** DATA SEGMENT follows **
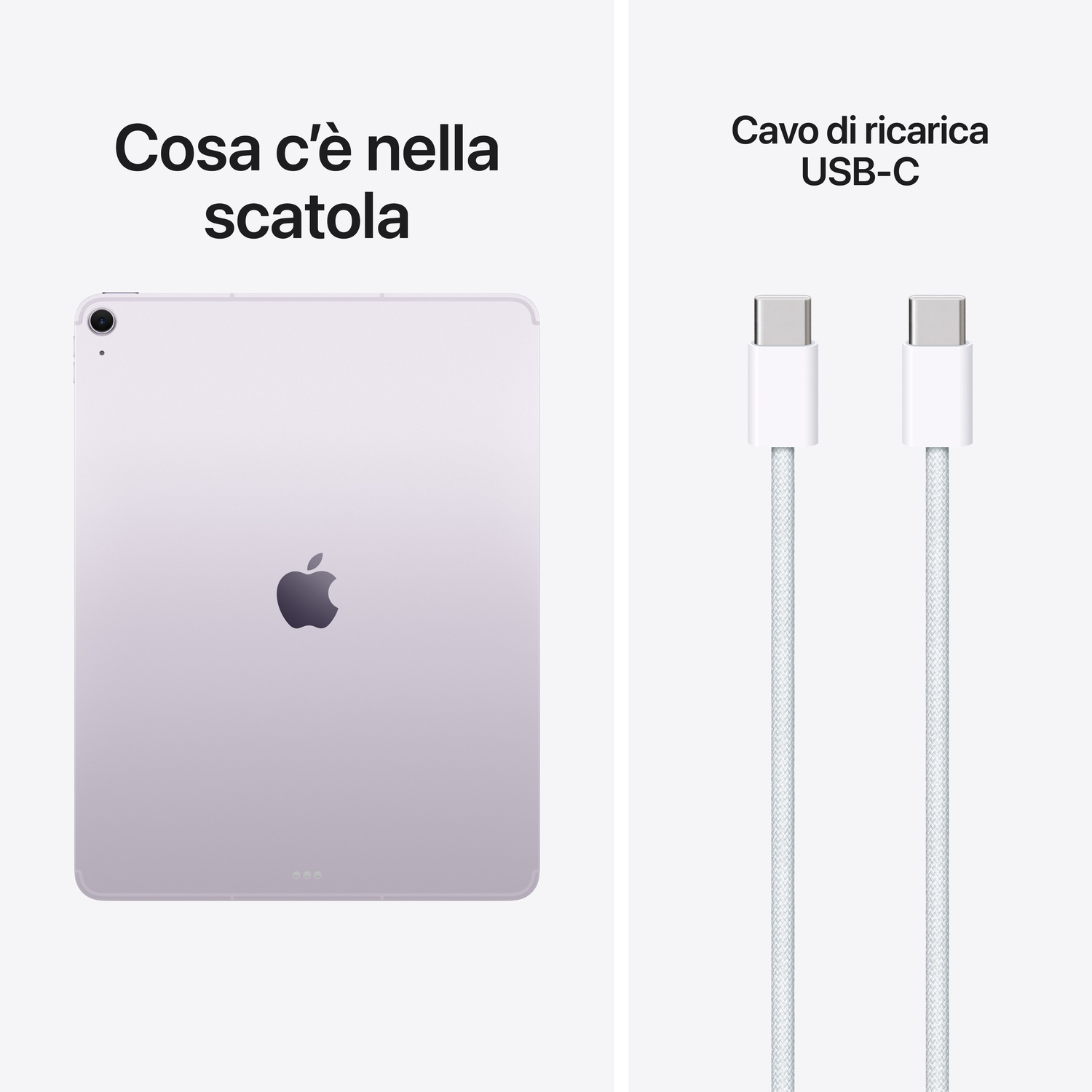 Un tablet viola e due cavi di ricarica USB-C bianchi su sfondo bianco.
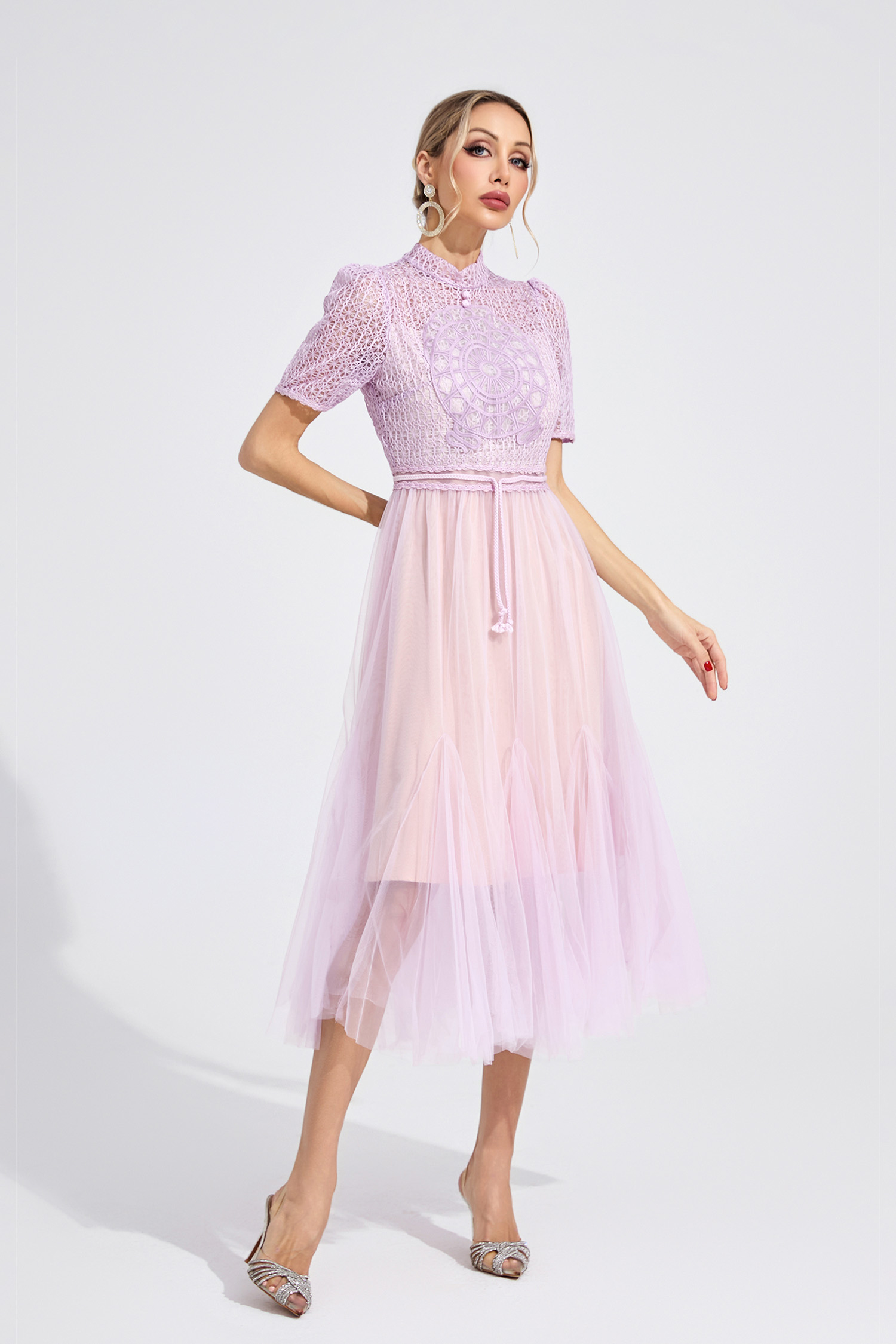 Silk Purple Lace Maxi Dress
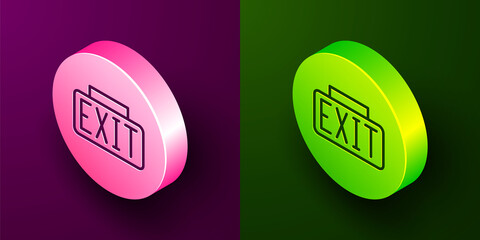 Isometric line Exit icon isolated on purple and green background. Fire emergency icon. Circle button. Vector.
** End of DATA SEGMENT **
▶ _PROBLEM_:
Each line above should be written out again exactly, and no picture should appear in the copy.

▶ _RESPONSE TO THE TASK_:
 Un tablet viola e due cavi di ricarica USB-C bianchi su sfondo bianco.
 Silk Purple Lace Maxi Dress
 Isometric line Exit icon isolated on purple and green background. Fire emergency icon. Circle button. Vector.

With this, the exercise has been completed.